Patrick Corillon a des affinités avec Borges et le poète portugais Fernando Pessoa qui n’a eu de cesse de propager des personnages fictifs, des amis, des connaissances, engendrés par le texte, en leur construisant des vies propres et en entretenant avec eux d’étroites relations.

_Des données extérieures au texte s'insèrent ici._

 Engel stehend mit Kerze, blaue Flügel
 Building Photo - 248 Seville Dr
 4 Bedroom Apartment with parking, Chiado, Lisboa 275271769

Ainsi, Patrick Corillon a lui-même créé une dizaine de personnages qui évoluent d’exposition en exposition à travers d’infimes bribes de leurs biographies. A l’origine (1988), il ne dévoilait pas leur identité. En 1991, l’artiste bouleverse les données en sortant d’emblée de l’anonymat des personnages fictifs d’une autre époque, comme Oskar Serti, né en 1881 et mort en 1959. A l’instar d’un reporter, Patrick Corillon joue sur la figure de l’artiste qui voyage pour réaliser des expositions et relate des épisodes de situations aventureuses propres à chacun des personnages invités. Image de l’art comme aventure, comme risque. Référence aux mondes que l’on crée dans l’enfance.
Depuis 1998, Patrick Corillon, les histoires de Patrick Corillon  quittent les personnages du passé pour se conjuguer au présent et s’accorder avec l’esprit de la communauté ; le nous, le vous, le on deviennent le sujet.
A l’opposé des stratégies du monde d’aujourd’hui les histoires de Patrick Corillon ne se dévoilent que progressivement, elles frôlent les objets des lieux auxquelles elles sont attachées, mais ne livrent pas images. Sauf mentales. C’est une œuvre au sens qu’Umberto Eco donne à ce mot ; une œuvre qui n’en finit pas, un hyper texte qui s’ouvre à l’infini. Mais une œuvre à côté de laquelle on peut passer sans la voir tant elle se fond dans le contexte où elle apparaît et où la lecture, le texte devient le code d’accès obligatoire de son apparition.
Les moments de la vie quotidienne que livre Patrick Corillon s’ancrent toujours dans les lieux où ils prennent naissance. La fiction est pour l’artiste un postulat de la réalité, non une fuite du réel mais une stratégie pour s’en approcher au plus près. Une méthode d’investigation.
Patrick Corillon renvoie mine de rien le spectateur à son actif de lecteur de l’art contemporain depuis Duchamp. Celui d’acteur qui donne vie à l’œuvre. Il formule à chaque fois un écran d’images mentales pour tout un chacun avec ses histoires. Rendre visible l’invisible, faire son propre cinéma, voilà ce à quoi l’artiste nous convoque.